Currently, mechanical recycling is the most established system and carries a lower cost. In this process, the sorted material is basically ground, washed, dried and pelletised, and reintroduced into the loop as new raw material. However, the mechanically recycled plastics degrade in each loop, so they can only be recycled up to seven times, after which they must be incinerated to recover some energy.
Chemical recycling, on the other hand, allows the production of ‘food-grade’ material, which is required for cosmetics packaging in contact with the bulk. Organisations like the ISCC (International Sustainability & Carbon Certification) certify their supply chain for traceability – thereby countering greenwashing, too.
The final steps involve using the material to manufacture new products – and selling them, too. Manufacturers may offer PCR packaging solutions, but brands must be willing to buy them. A change in mindset is required among both brands and consumers, especially in the luxury segment. Recycling plastic affects its aesthetics and may result in imperfections. However, these imperfections can be considered part of a product’s ‘beauty’, sending strong messages of sustainability and responsible behaviour.

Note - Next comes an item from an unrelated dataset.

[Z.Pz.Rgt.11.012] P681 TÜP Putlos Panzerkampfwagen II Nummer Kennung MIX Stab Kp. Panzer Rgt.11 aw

The cost impact will have to be accepted as part of the trade-off. In other sectors like food, this acceptance has already been won. No doubt beauty will not be far behind, especially with ethically-minded younger generations growing up and gaining purchasing power.
Driving the change
Climate change is a priority for all industries now, not just beauty and, by extension, cosmetics packaging. The 2030 Agenda for Sustainable Development offers a clear roadmap, with goals set by the United Nations back in 2015. In addition to voluntary measures, legislation is being introduced, most prominently in Europe. The EU Packaging and Packaging Waste Regulation (PPWR) is expected to come out in the next two years. Meanwhile, local legislation is hitting the packaging industry, introducing taxes for non-recycled plastics. In Spain, for example, this has been implemented at a cost to the importer or manufacturer of €0.45 per kg introduced in the Spanish market.
Once legislation regarding the use of recycled plastics is enforced worldwide, demand for PCR will soar, possibly beyond available supply. The number and spread of recyclers must grow exponentially and will likely require government incentives or grants to meet future demand.
The reduction of CO2 emissions is a clear goal of the 2030 Agenda and switching to recycled material is among the many building blocks to get there. We are already rethinking packaging, from refillable and reusable designs, through renewable resource usage, to implementation of low-impact and even carbon-neutral processes. The ultimate aim is to change the way we work to have a positive impact on the planet and on society. However, in the meantime, we have mountains of plastic waste covering the earth’s surfaces. Using PCR plastic as raw material – with an efficient, earth-friendly PCR value chain – will go a long way towards reversing its impact.